However, does sustainability and purpose really matter to us?
But while the public say they choose ‘good’, sustainable brands with a social purpose over those that lack it, there is plenty of evidence that indicates that our actual behaviour doesn’t always follow through. ‘Virtue signalling’ in surveys and on social media does not always link to buying behaviour!
Globally, 61% say they try to buy products from brands that act responsibly, even if that means spending more, but this is not the view taken by the majority in several countries, including Canada, Britain, Russia and Japan. Millennials (64%) say they are more ethically driven than Baby Boomers (54%), but not overwhelmingly. Bearing in mind that there is a likelihood that some people will give a socially desirable answer here, the figures are much lower when it comes to what people do in practice. Another insight into people’s thinking can be drawn from their response to the statement, ‘I don’t care if a brand is ethically or socially responsible, I just want them to make good products’. Opinion is evenly split here, with 45% agreeing and 47% disagreeing (and no differences between generations).
Such opinions may go some way to explaining examples in the marketplace. After Volkswagen experienced difficulties around emissions in 2015, the company went on to publish record sales figures a year later. Also, for all the debate about sustainability and brand purpose, globally price still tops people’s stated reasons for purchasing decisions (68%), with reputation coming in third place (44%).
So, we say responsible behaviour is increasingly important to us, and while there is a clear reputational risk in dodgy supply chains or environmental damage, the question is: are people likely to change their behaviour?
All other things (such as price and quality) being equal, people will choose the brand that ‘does good’ over the others available to them. This reputational benefit may well be on the margins, but can still result in millions of additional revenue. The challenge that we all face is to make sustainability and ‘better’ business an even more central part of customer decision-making.
Sustainability in particular should be seen as not only doing the right thing, but as an opportunity for business.Despite mixed evidence on the impact it has on customers, it is sensible to improve on and invest further in sustainability. Why? First of all, it’s in companies’ own interest. Building a sustainable business by definition increases the likelihood of long-term success. This can manifest itself in many ways: from the way you manage your buildings (e.g. the famous ‘lights out’ motto), handling your natural resources in a responsible way, or developing relations with local communities. Companies should not underestimate the reputational benefit of doing the right thing.

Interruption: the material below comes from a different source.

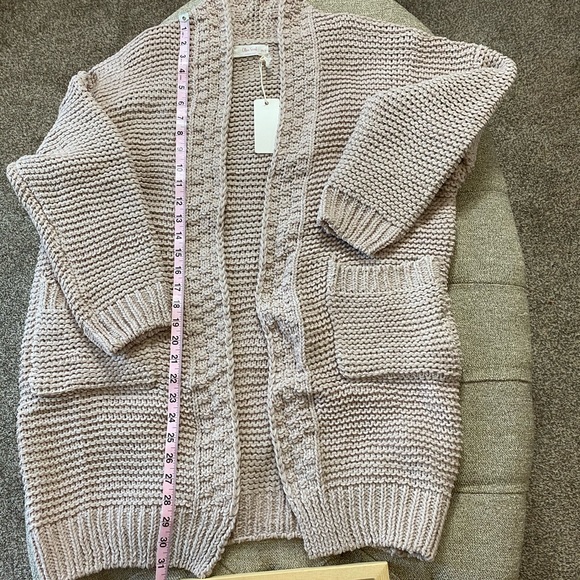 Thick Knit Cardigan - Picture 15 of 16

If we want to make the world a better place, (big) business, with all the resources it can bring, is uniquely placed to play a role in this. Think about the scale, abilities to innovate, capabilities in implementing effective new business models, and sheer resources of the big companies. As many as 79% of the public believes it is possible for brands to make money and support good causes at the same time.

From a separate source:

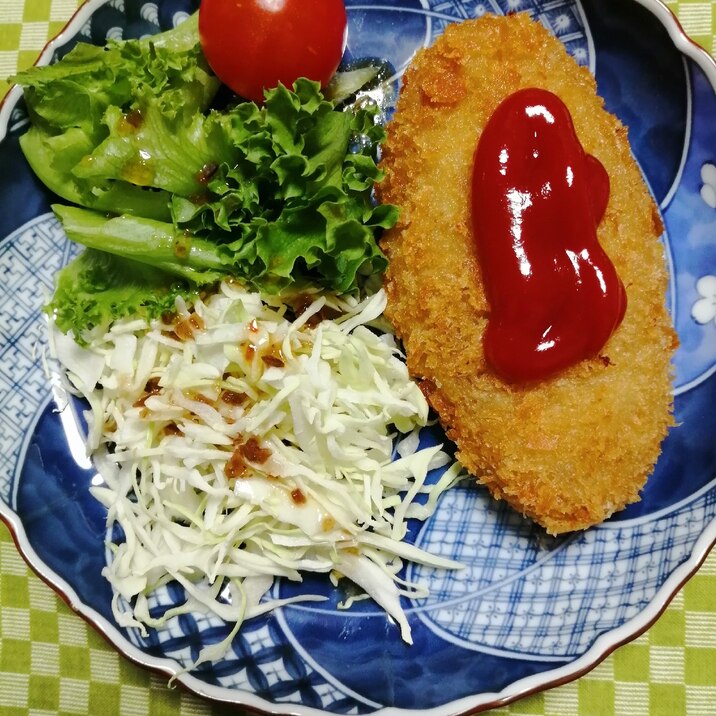 お好きな揚げ物のお惣菜とお好きなサラダを添えて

This doesn’t mean sustainability investments – like any other investment – shouldn’t be critically reviewed. They should be responsible and prudent in their own right, giving shareholders a return on investment. As with any other process, this should be carefully monitored and inform decision-making – the literature hasn’t shown any conclusive impact on the bottom line.
Finally, if business doesn’t do the right thing, all over the world consumers say government should regulate business more. While there is general public support for free trade across the world – as our 2017 study on the limits of populism19 shows – there is plenty of appetite for more regulation of big business, with 60% globally saying they want more action by government.